Isso significa que, em relação à herança (metade do bem imóvel), a companheira terá direito à 1/3 (“metade do que couber ao filho”) e sua filha terá direito a 2/3.

Ao final, em relação à 100% do bem imóvel, sua filha terá participação de 33,333% e a companheira do pai dela terá direito à 66,666% (50% + 16,666%).

Importante mencionar, por fim, que o artigo 1.790 do Código Civil está sob análise pelo Supremo Tribunal Federal. Em recente julgamento analisando pela Suprema Corte, nos autos do Recurso Extraordinário nº 878.694-MG, sete ministros votaram pela inconstitucionalidade da norma, por entenderem que a Constituição Federal garante a equiparação entre os regimes da união estável e do casamento no tocante ao regime sucessório.

O Relator do caso, Ministro Luis Roberto Barroso, sugeriu a aplicação de tese segundo a qual deve ser aplicado o regime estabelecido no artigo 1.829 do Código Civil, que regula o casamento. O aludido Ministro Relator consignou, ainda, que a decisão terá eficácia em todos os inventários em curso, desde que não finalizados por sentença judicial transitada em julgado.

Em outras palavras, caso o julgamento se confirme antes da conclusão do inventário do pai de sua filha, poderá ser aplicada a regra do art. 1.829 do Código Civil, garantindo à companheira, no que se refere aos bens adquiridos onerosamente na constância da união (o bem imóvel, no seu caso), tão somente o direito à meação. Ou seja, sua filha participará da sucessão como única herdeira, recolhendo 100% da herança ou 50% do bem imóvel e a companheira terá direito apenas a 50% do bem imóvel, à título de meação.

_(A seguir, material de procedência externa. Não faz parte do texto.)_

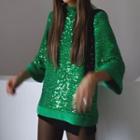 Long-sleeve Sequined Plain Top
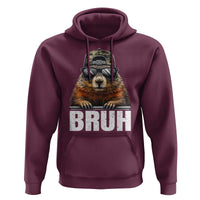 Bruh Groundhog Hoodie Funny Woodchuck Camo Hat Youth Teens Kids Slang - Wonder Print Shop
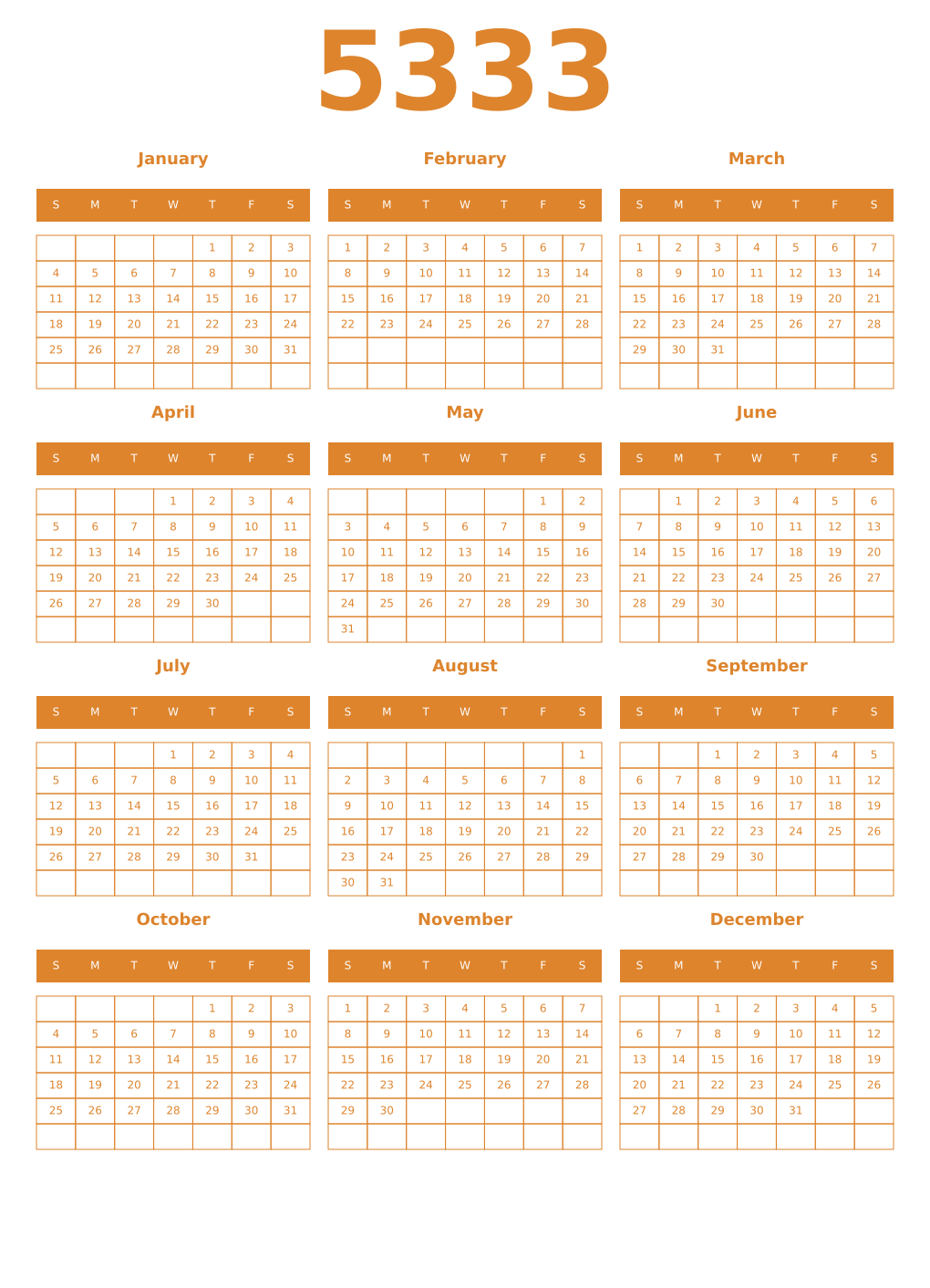 Printable 5333 Year Calendars orange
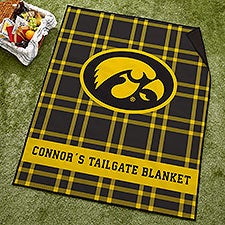 NCAA Iowa Hawkeyes Personalized Plaid Picnic Blanket - 49550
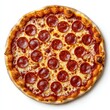 © aubriella - A freshly baked pepperoni pizza with bubbling cheese and golden crust, isolated white background, minimalistic art style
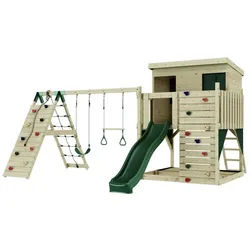 OutdoorToys Spielturm Aksel, aus Holz in Dunkelgrün mit Trapezstange & Rutsche, Kletterwand grün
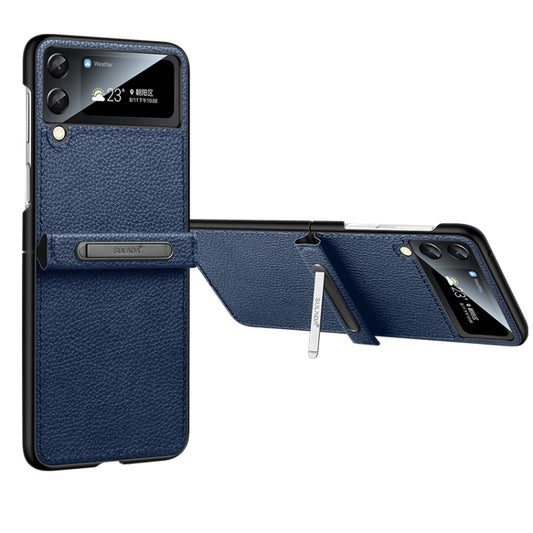 For Samsung Galaxy Z Flip3 5G SULADA Invisible Bracket Leather Back Cover Phone Case(Blue) - Galaxy Phone Cases by SULADA | Online Shopping South Africa | PMC Jewellery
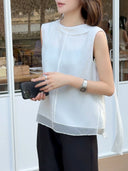 Elegant Pearl Detail Tie Neck Top（Z3323）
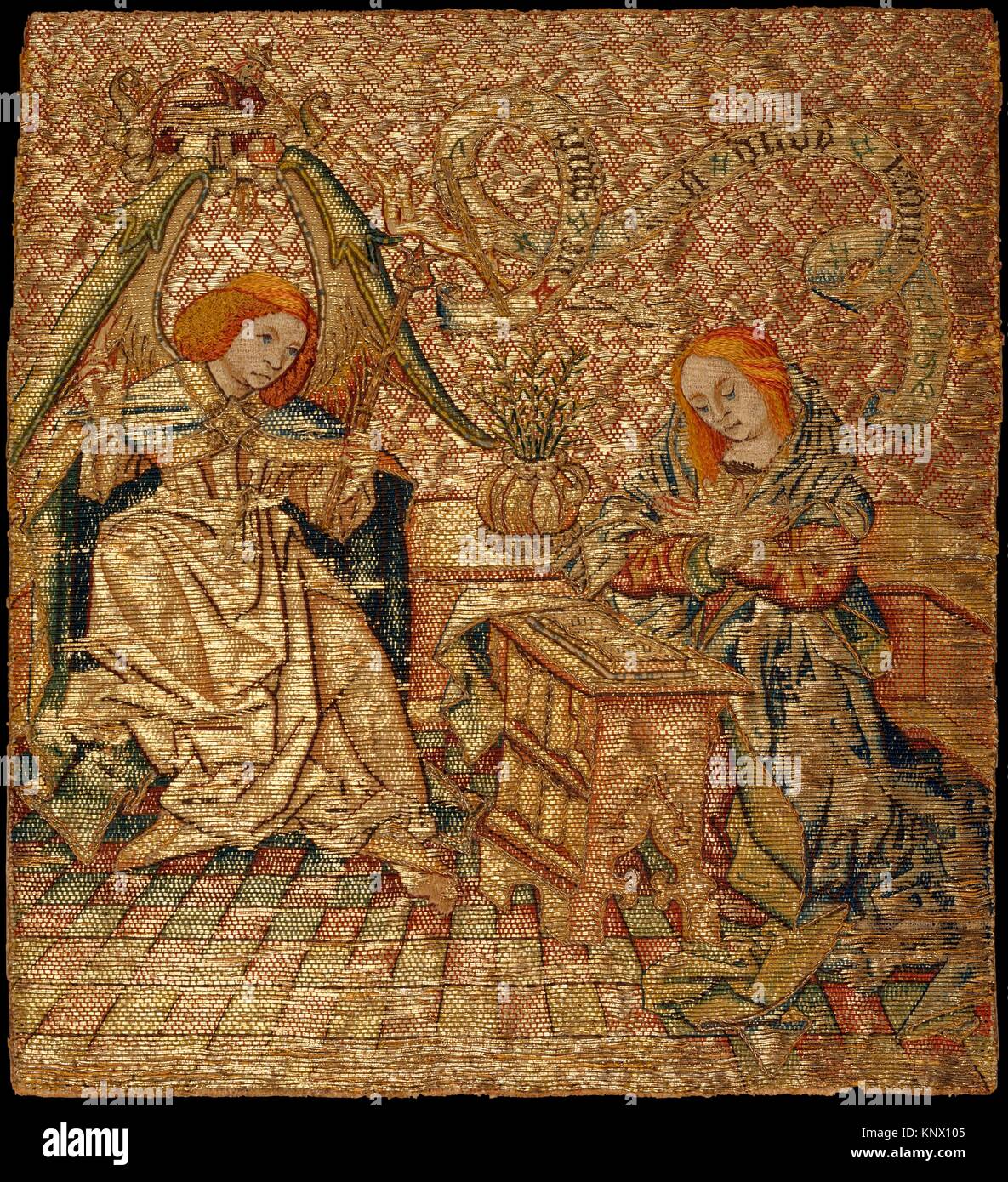 Bordado con la Anunciación. Fecha: mediados del siglo XV; Cultura: Netherlandish; Media: Seda y roscas metálicas sobre lino; Dimensiones: 8 1/4 x 3 Foto de stock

*Rodrigo Barcellos é graduado em direito pela Pontifícia Universidade Católica de São Paulo (PUC) e mestre em direito comercial, pela Universidade de São Paulo (USP). É autor do livro “O Contrato de Shopping Center e os Contratos Atípicos Interempresariais”, publicado pela editora Atlas. Sócio do escritório Barcellos Tucunduva Advogados, atua nas áreas de Família, Sucessão, Contratos e Contencioso.